I agree with you Chungy ..... I also hope I havent done too much damage! But at the end of the day the forums are generally a good place to get info and advice, shared experiences etc ... so its always best to be honest about your own experiences - even if it may not be good news for the original poster ..... but as you say everyones different and our own views and experiences wont mirror everyones.

Im sure there are some very happy contented people living in Hull just as there are elsewhere.

Have a good weekend all of you.


----------



## scottishcelts (Aug 5, 2007)

Suenneil said:


> I agree with you Chungy ..... I also hope I havent done too much damage! But at the end of the day the forums are generally a good place to get info and advice, shared experiences etc ... so its always best to be honest about your own experiences - even if it may not be good news for the original poster ..... but as you say everyones different and our own views and experiences wont mirror everyones.
> 
> Im sure there are some very happy contented people living in Hull just as there are elsewhere.
> 
> Have a good weekend all of you.


Ask a question like that and one should expect nothing but the truth and you guys were being exactly that - otherwise why bother answering the question.
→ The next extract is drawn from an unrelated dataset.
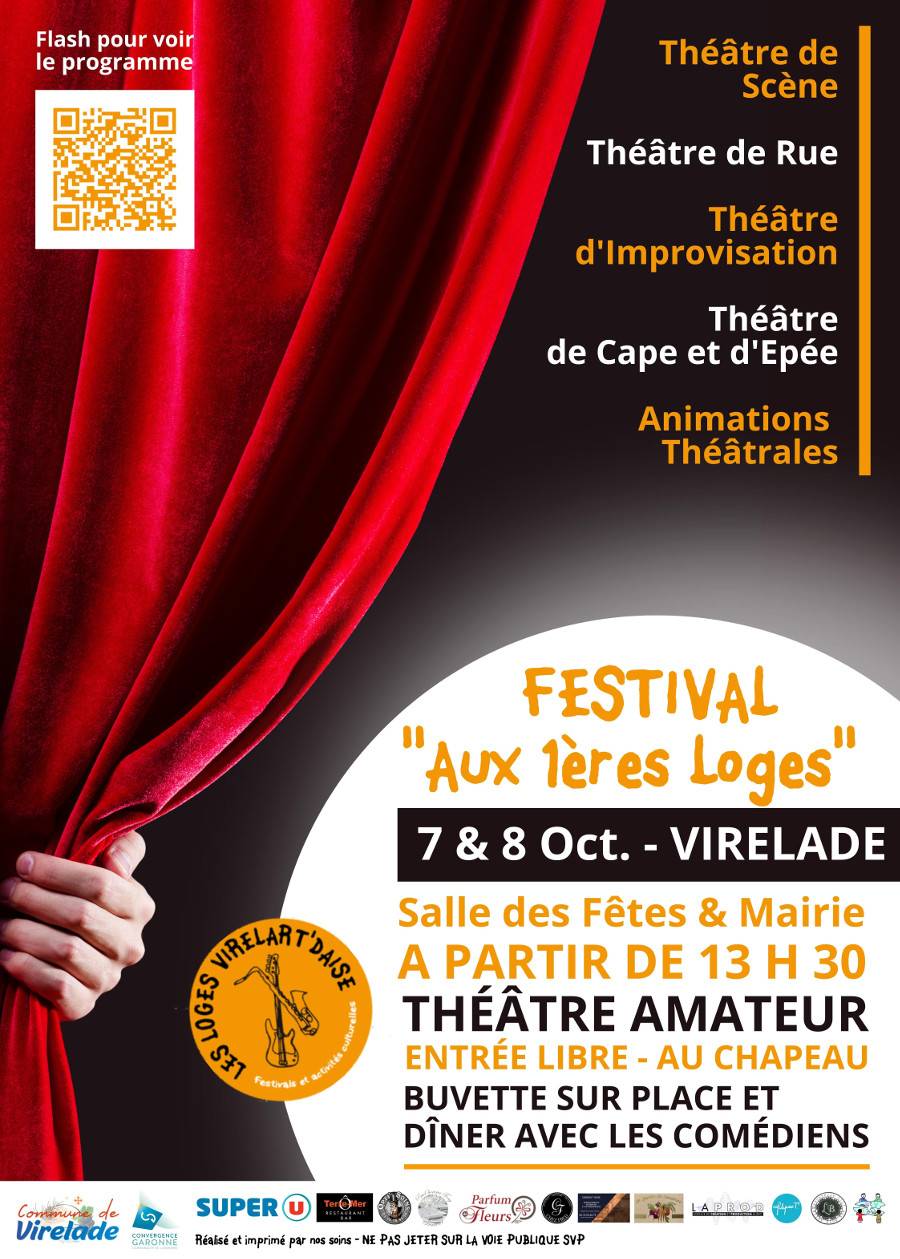 Affiche Festival Aux 1ères Loges, 7 & 8 octobre - Les Loges Virelartdaise - Virelade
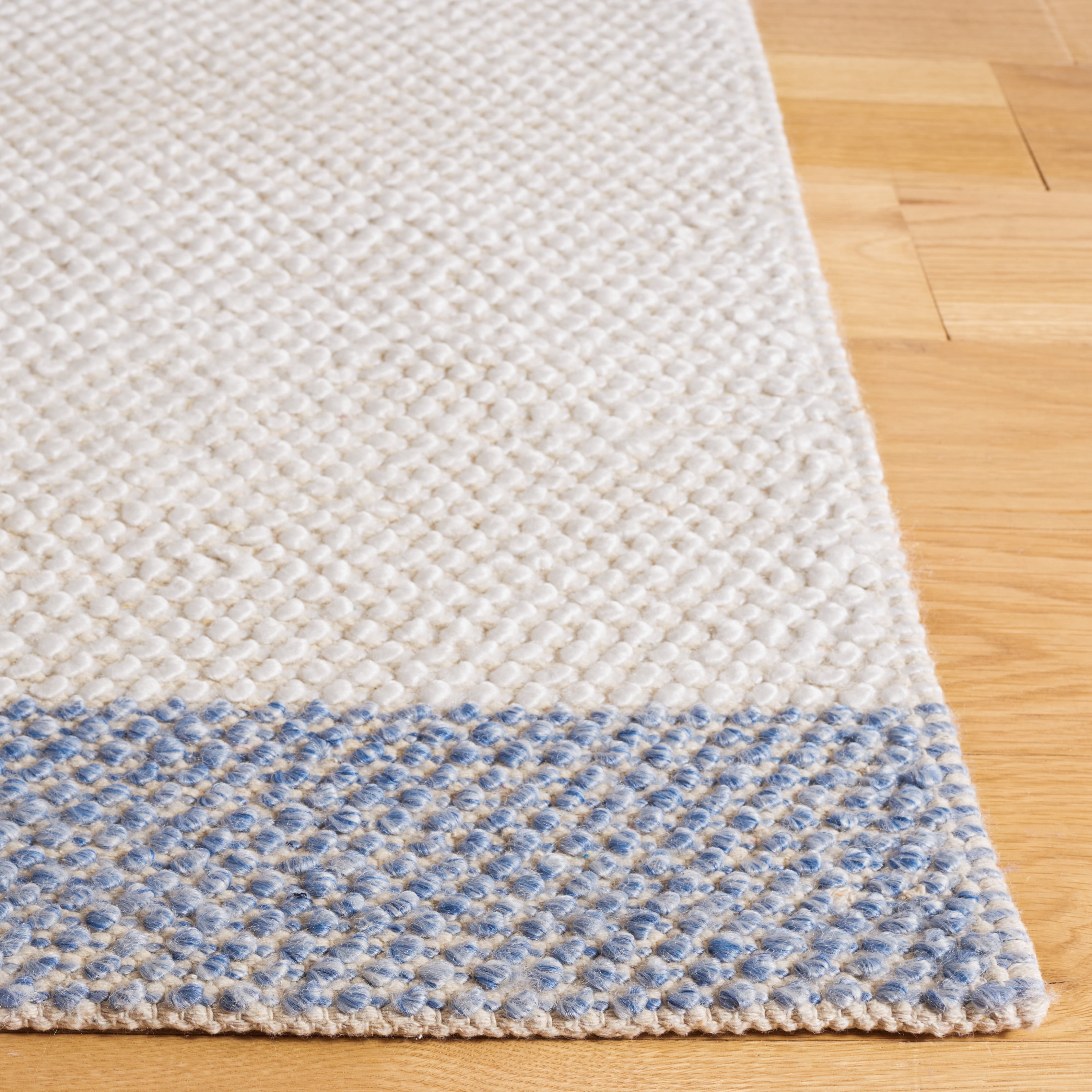 SAFAVIEH Natura Marina Striped Wool Area Rug, Ivory/Blue, 8' x 10'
Hull is a $hithole - no if's or but's about it. I wouldn't live there if i were paid to. There's nothing there for anyone - especially a migrant.

Good luck ztempest, you are gonna need it.


----------



## jlms (May 15, 2008)

You don't have to live in Hull to work in Hull.

Live in a Bed and Breakfast for a couple of weeks to get an impression of the area, then commit to a six months rental somewhere you like.


----------